Born in Albany, New York, in 1947, I left for New York City in 1965 to attend the Fashion Institute of Technology. Majoring in Fashion Illustration I learned the discipline of figure drawing but never took to a career in commercial art. Instead, I moved to the East Village and lived the hippie life of the Sixties. After fun communes turned to frightening cults and domestic violence, I somehow, as a single mom, found my way back to school to earn an MFA from the University at Albany in 1983. Several years later I returned to New York and set up a live/work studio on the Lower East Side and became part of a wonderful art community, spanning all the boroughs. I remained there until 2018 when I moved upstate. Here my whole house is a studio, and the Hudson Valley is bursting with art.

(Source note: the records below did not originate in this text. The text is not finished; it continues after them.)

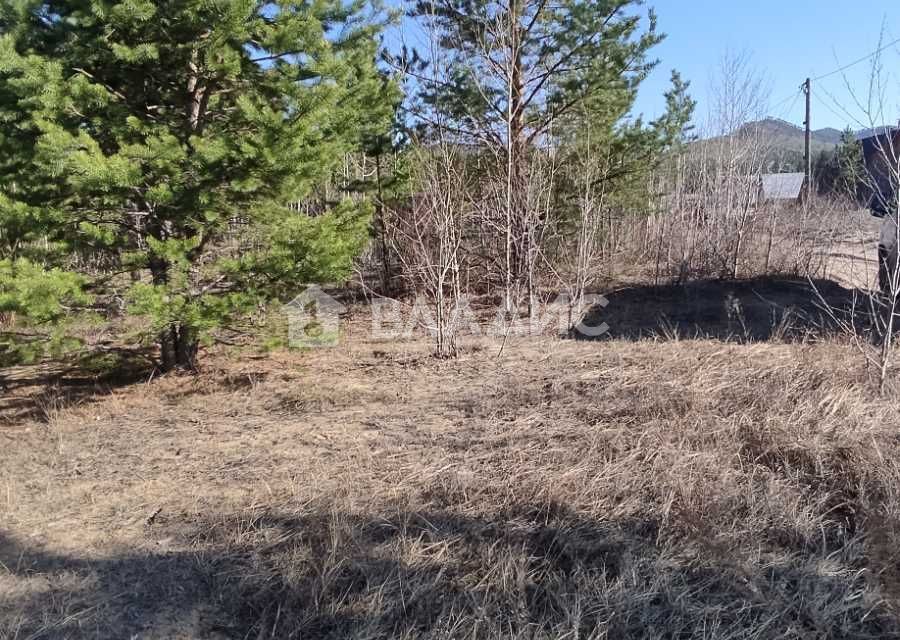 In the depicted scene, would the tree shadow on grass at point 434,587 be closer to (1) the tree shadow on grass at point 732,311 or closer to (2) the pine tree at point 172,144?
(2) the pine tree at point 172,144

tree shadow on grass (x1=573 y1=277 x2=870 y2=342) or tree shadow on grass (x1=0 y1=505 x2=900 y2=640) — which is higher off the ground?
tree shadow on grass (x1=573 y1=277 x2=870 y2=342)

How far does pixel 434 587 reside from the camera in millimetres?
2471

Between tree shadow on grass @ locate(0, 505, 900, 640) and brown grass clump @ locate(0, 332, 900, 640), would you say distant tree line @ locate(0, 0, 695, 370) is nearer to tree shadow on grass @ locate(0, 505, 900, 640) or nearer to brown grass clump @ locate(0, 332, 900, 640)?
brown grass clump @ locate(0, 332, 900, 640)

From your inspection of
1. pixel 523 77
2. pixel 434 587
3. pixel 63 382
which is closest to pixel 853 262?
pixel 523 77

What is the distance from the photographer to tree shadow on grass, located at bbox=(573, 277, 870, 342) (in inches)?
267

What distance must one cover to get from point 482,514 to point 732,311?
6367mm

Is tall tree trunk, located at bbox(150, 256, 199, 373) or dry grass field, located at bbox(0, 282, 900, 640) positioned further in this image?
tall tree trunk, located at bbox(150, 256, 199, 373)

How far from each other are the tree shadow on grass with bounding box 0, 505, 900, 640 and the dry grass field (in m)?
0.01

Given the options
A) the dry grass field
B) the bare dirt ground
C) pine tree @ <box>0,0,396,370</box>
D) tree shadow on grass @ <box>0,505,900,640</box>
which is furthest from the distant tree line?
the bare dirt ground

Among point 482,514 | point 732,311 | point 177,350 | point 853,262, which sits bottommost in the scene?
point 482,514

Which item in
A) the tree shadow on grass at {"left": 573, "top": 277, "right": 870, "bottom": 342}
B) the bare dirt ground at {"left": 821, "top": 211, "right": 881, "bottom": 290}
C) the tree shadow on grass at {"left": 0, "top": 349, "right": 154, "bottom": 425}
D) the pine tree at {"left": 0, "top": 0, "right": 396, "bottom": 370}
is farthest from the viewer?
the bare dirt ground at {"left": 821, "top": 211, "right": 881, "bottom": 290}

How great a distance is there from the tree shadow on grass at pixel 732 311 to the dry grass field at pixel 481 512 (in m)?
1.78

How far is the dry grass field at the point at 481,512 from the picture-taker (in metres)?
2.35

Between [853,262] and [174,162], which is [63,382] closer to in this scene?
[174,162] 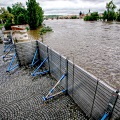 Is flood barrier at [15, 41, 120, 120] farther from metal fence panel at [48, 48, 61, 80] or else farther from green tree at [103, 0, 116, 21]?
green tree at [103, 0, 116, 21]

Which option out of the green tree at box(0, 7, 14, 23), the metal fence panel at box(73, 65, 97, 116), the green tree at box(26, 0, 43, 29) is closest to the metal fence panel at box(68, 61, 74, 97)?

My practice has ranged from realistic paintings of angels (80s), to wall-sized photocopies of genitals (90s), from small symmetrical pencil drawings to charcoal fingerprint murals (2000s) There have also been forays into wood construction and video as I carry the personal as political torch. I have had name changes along the way too, from my early married name, Weinman, converted to Weinperson for several years, and now back to my birth name, Braun. It's all part of a search for selfhood, best expressed by my concurrent shows in 2016, "Homeostasis" and "Crazy Bitch".


Since 2003 all my work is within the constraints of symmetry and carbon mediums, called Symmetrical Procedures. Working within a framework reflects my philosophy of freedom through discipline, serving as both a trigger and a filter.


My papers are archived at the Fales Library, at New York University, in their Special Collection of Downtown New York Artists from 1980s-90s.